Exercise aim
Write out, exactly and in full, the records given below, but not their pictures.

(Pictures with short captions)
-- Opening Marker --
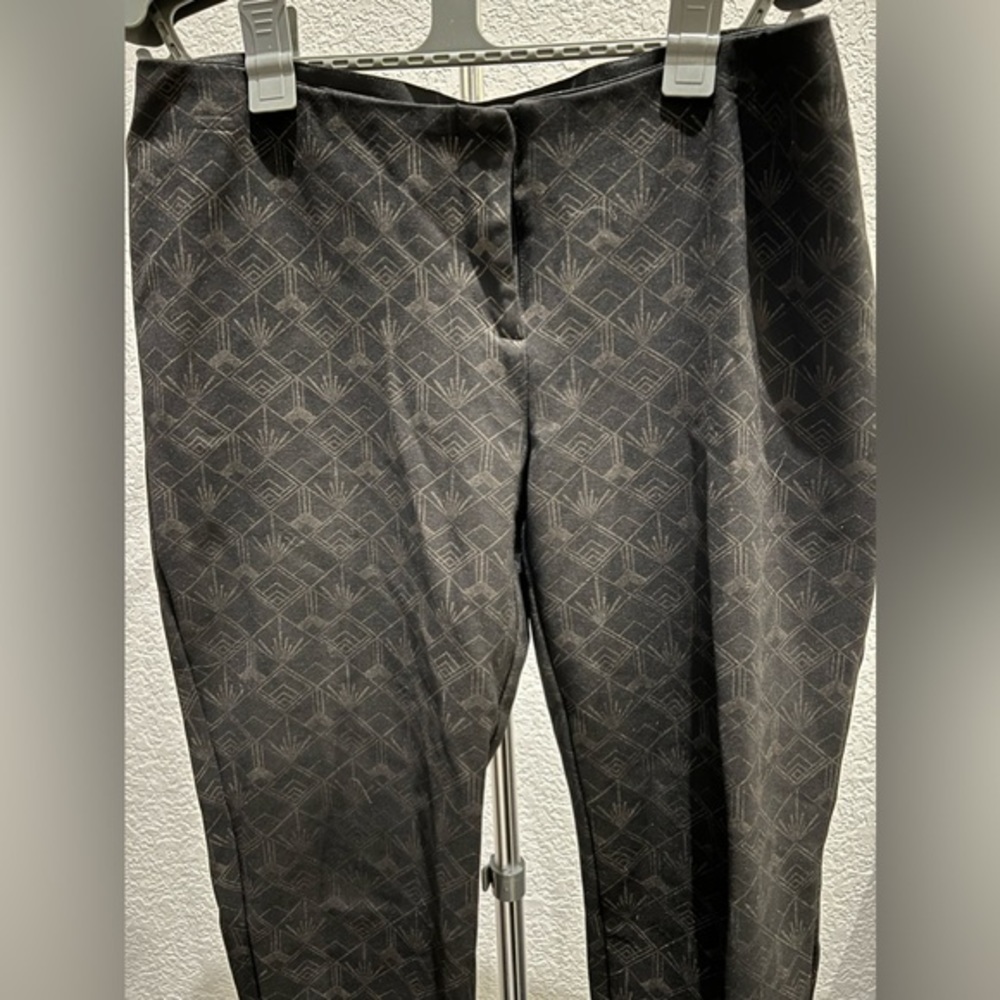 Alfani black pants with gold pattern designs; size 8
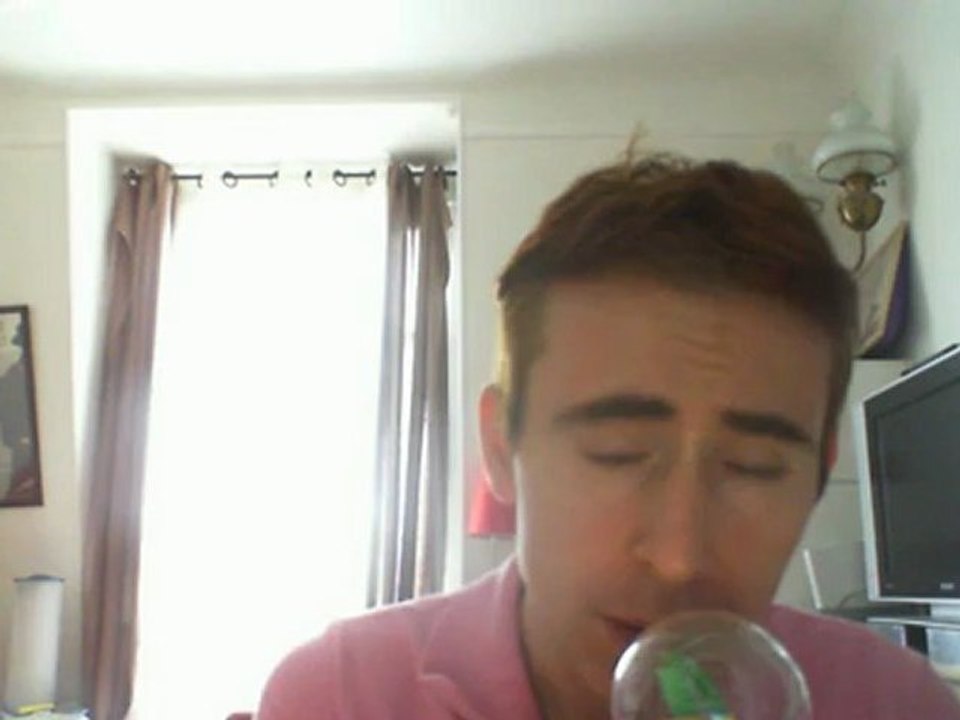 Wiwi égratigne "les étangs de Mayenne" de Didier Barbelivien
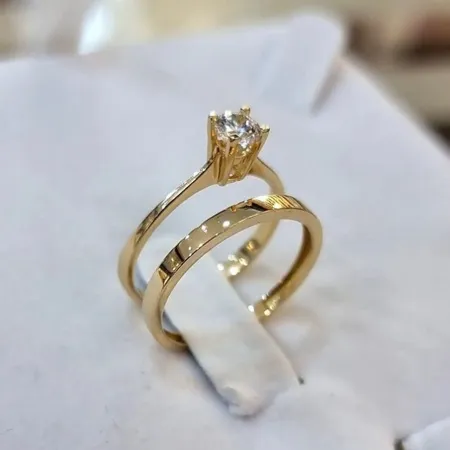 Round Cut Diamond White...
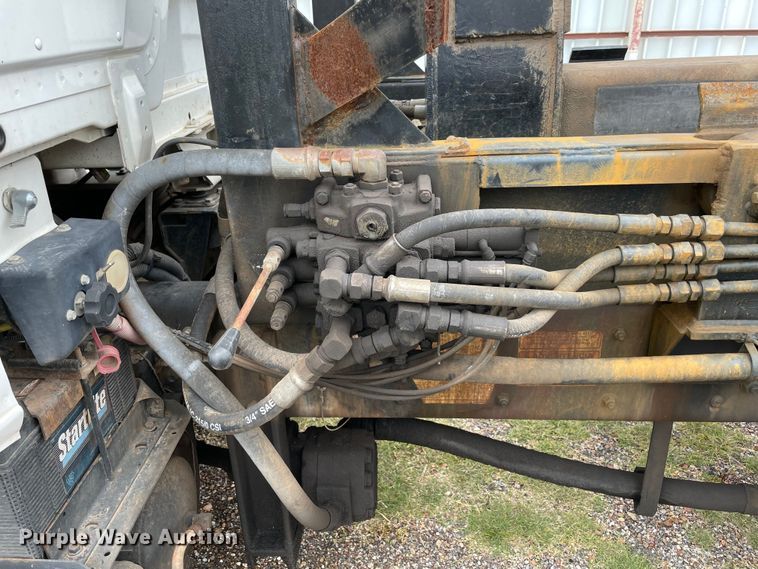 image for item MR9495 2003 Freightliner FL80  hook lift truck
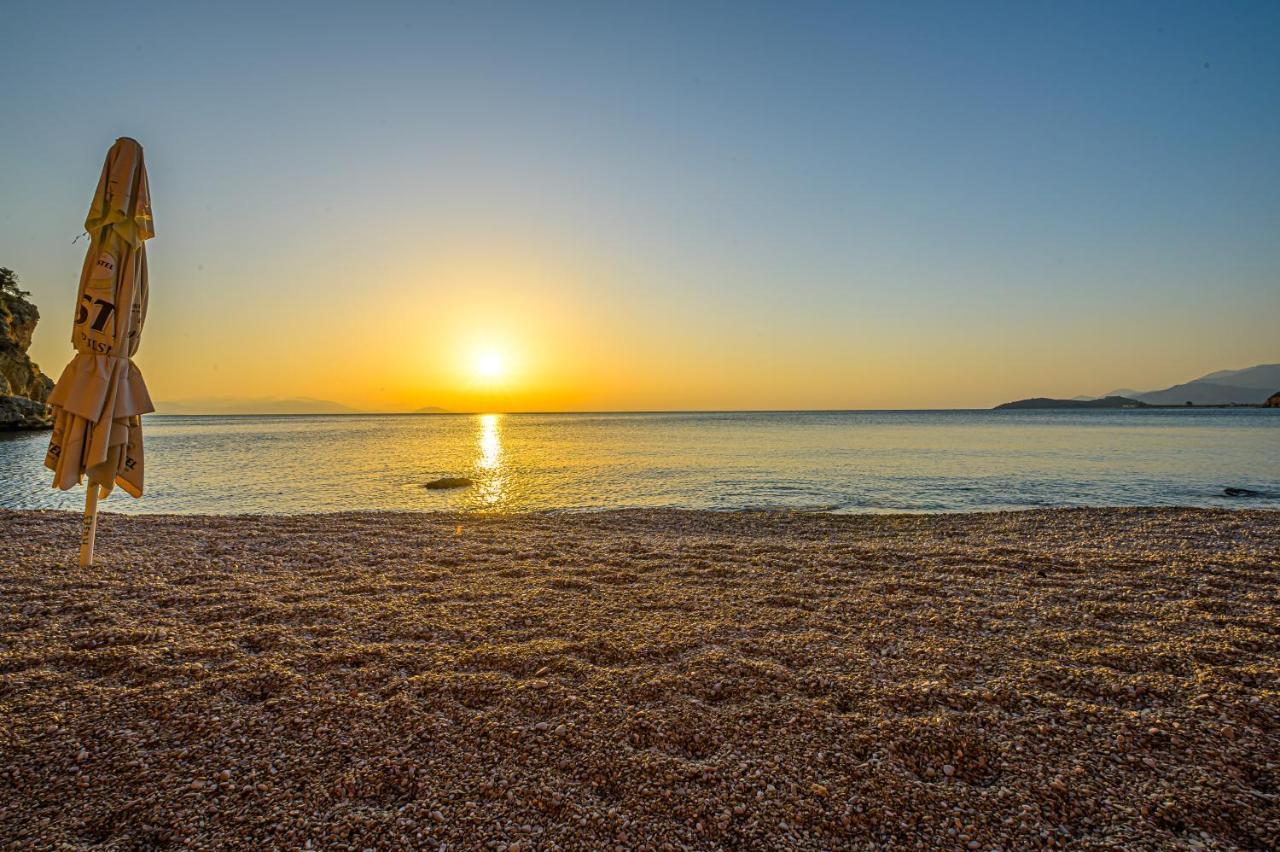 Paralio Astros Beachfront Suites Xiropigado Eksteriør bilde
-- Closing Marker --
Your solution
 Alfani black pants with gold pattern designs; size 8
 Wiwi égratigne "les étangs de Mayenne" de Didier Barbelivien
 Round Cut Diamond White...
 image for item MR9495 2003 Freightliner FL80  hook lift truck
 Paralio Astros Beachfront Suites Xiropigado Eksteriør bilde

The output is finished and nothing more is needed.